Top linear trackers


I’m in the market soon for a linear tracking tonearm. Two in particular have piqued my interest, the Kuzma Airline with damping trough and the Bergmann Odin. From what I can tell, these designs have especially benefited from lessons learned during the evolution of linear tracking, incorporating features like longish tonearms to minimize warp wow, ultra low friction, low air turbulence, and mitigation of the high horizontal mass issue by use of a damping trough (not sure of the Odin on that). The Odin is known to have a very quiet pump. The lift on the Kuzma may be easier to operate. I would love to hear from anyone with long term experience with these arms or comparable other ones. I would be mounting this on my current VPI Classic 4 and most likely using my Soundsmith Sussoro Mark 2 ES. That cartridge should work with either arm based on the resonance calculations. Down the road I may consider moving the arm to a Sota Cosmos Eclipse or a Technics custom SP10R or another high value setup. I cannot afford the Bergmann Galder with Odin. If I could I probably would have reached the end of my journey.
earthtones

Showing 3 responses by dover

@thekong 

You are right about the potential drag.

Another significant advantage the ET has over the Kuzma, Rockport etc is the decoupled counterweight system in the horizontal plain. This lowers the horizontal effective mass as seen by the cartridge - significantly lower than the other options - and in actual fact lower horizontal effective mass than some of the pivoted heavyweights arms eg FR64S & Dynavectors.

 

Look at the manifold, an inverted ‘v’ as opposed to a circular tube in most other cases. It is an inherently more stable ( no tendency to roll ) platform for the cartridge / wand assembly to glide on.

Actually thats misleading. Although it uses parallel V extrusions which tend not to roll laterally, the Terminator uses a floating air bearing. If I hooked up a high pressure pump I could blow the arm off its rail. If there are any deviations in air flow this arm will bounce along the rail.

The Eminent Technology uses a far superior captured air bearing - the spindle runs through a manifold and air is forced around the tube applying pressure 360 degrees. This is far more rigid and stable - any deviation in air pressure at any point is met with a correcting force on the other side.

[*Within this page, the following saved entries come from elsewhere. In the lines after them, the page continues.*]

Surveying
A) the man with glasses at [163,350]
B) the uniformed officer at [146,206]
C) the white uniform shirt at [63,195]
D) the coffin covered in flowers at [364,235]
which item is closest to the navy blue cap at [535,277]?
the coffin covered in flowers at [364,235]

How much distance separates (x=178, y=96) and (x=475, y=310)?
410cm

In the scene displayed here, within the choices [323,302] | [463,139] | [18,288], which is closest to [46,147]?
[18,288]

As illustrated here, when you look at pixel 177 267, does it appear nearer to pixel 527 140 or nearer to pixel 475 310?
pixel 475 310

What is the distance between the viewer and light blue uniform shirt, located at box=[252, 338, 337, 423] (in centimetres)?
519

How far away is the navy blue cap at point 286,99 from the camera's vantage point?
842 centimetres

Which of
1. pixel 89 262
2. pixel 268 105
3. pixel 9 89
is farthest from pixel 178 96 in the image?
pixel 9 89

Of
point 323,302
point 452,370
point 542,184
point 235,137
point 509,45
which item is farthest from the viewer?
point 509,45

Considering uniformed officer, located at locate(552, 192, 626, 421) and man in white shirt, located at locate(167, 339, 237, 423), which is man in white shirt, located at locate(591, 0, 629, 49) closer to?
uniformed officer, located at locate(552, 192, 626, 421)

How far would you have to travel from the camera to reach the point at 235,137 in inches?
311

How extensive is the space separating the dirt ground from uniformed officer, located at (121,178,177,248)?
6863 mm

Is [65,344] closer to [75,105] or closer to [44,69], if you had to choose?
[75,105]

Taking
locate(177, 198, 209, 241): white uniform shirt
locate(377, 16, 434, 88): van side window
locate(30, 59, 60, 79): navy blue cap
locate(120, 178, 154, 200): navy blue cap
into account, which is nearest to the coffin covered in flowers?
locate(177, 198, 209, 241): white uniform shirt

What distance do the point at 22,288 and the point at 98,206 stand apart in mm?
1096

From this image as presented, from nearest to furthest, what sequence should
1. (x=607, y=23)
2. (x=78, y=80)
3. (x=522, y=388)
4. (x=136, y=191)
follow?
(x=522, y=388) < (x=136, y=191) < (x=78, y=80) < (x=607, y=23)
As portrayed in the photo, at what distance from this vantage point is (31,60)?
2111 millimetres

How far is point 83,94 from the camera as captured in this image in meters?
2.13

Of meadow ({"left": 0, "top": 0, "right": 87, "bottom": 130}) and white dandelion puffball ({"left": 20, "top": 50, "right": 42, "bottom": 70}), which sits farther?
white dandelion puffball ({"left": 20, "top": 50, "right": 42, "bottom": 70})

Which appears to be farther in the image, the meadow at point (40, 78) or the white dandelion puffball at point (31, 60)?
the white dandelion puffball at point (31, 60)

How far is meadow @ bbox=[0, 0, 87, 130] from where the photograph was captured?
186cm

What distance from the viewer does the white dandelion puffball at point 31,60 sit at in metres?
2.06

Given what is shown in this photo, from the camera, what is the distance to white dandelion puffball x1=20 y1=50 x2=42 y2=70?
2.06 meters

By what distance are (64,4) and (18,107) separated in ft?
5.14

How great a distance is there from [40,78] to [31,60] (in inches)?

Not all "tube" air bearing arms are fully captured. Some have air holes only on the top side, which means there is no resistance to bottoming out.

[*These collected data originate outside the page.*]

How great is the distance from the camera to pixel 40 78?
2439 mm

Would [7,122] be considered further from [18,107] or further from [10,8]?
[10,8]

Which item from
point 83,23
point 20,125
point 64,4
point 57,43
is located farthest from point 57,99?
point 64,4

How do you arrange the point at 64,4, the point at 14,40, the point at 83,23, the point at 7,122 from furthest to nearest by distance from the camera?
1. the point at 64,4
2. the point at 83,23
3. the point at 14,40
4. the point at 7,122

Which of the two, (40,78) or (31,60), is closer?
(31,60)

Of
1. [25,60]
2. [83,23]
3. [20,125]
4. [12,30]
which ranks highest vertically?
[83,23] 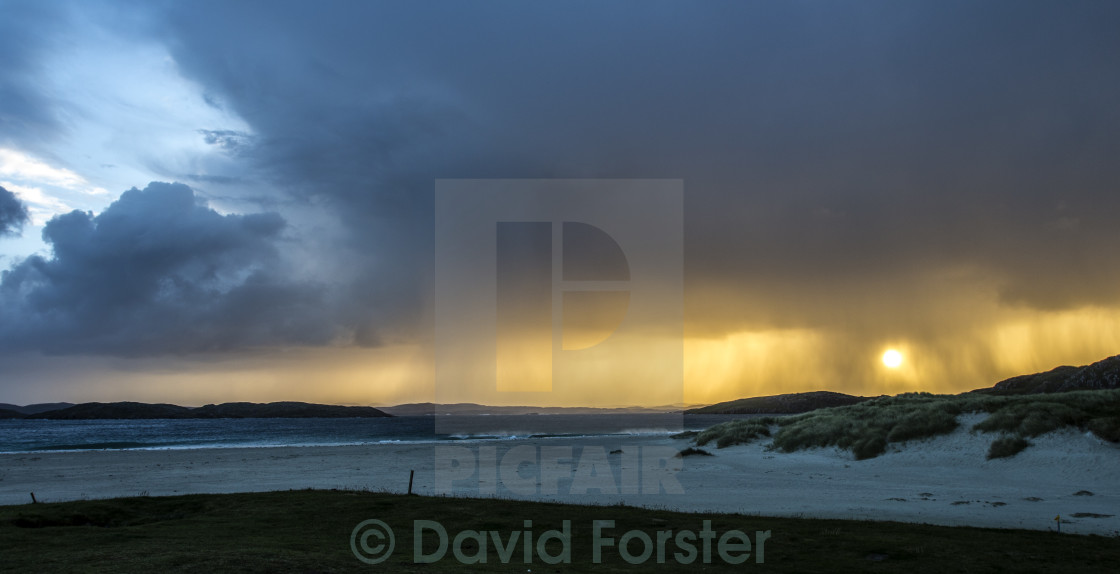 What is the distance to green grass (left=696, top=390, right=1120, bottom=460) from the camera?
36.1 m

I have an issue with arms like the Rockport & Kuzma where the air is forced into the moving arm - in my view this must play havoc with tracking force at a micro level because the plastic air hose will try to straight out under pressure, hence exerting vertical pressure on the arm.

With the Eminent Technology the air is piped into the manifold. There are no air lines connected to the moving arm/spindle.

@ledoux1238

If you really want to make a substantial upgrade to your front end you should investigate the Eminent Technology ET2/ET2.5 - even an old ET2 low pressure will trounce the Terminator - I’ve heard both - there is no comparison.

The ET has a decoupled counterweight system that can be tuned to the cartridge compliance - you can run anything on it from Decca's to high compliance Shure V15's.

 

@ledoux1238 

I have a pressure gauge, but to be honest I don't use it.

I have inserted it to check the pressure when I set the arm up or do a system check, but with the ET you can feel the pressure when you handle the arm. Here in NZ I use a moisture extractor prior to the entry to the arm because we have a humid environment and during winter when you have hold and cold patches, you can get condensation.